__Exercise aim__:
Search the records below for "EARTHBOUND Cream Crewneck". Return that line and all remaining lines exactly.

__Record extracts__:
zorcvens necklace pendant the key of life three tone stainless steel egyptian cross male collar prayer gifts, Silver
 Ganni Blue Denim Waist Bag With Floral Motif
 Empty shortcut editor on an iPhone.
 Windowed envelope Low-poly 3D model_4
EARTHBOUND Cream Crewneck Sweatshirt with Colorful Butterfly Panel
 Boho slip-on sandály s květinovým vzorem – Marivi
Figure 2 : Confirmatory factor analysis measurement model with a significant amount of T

__Response area__:
EARTHBOUND Cream Crewneck Sweatshirt with Colorful Butterfly Panel
 Boho slip-on sandály s květinovým vzorem – Marivi
Figure 2 : Confirmatory factor analysis measurement model with a significant amount of T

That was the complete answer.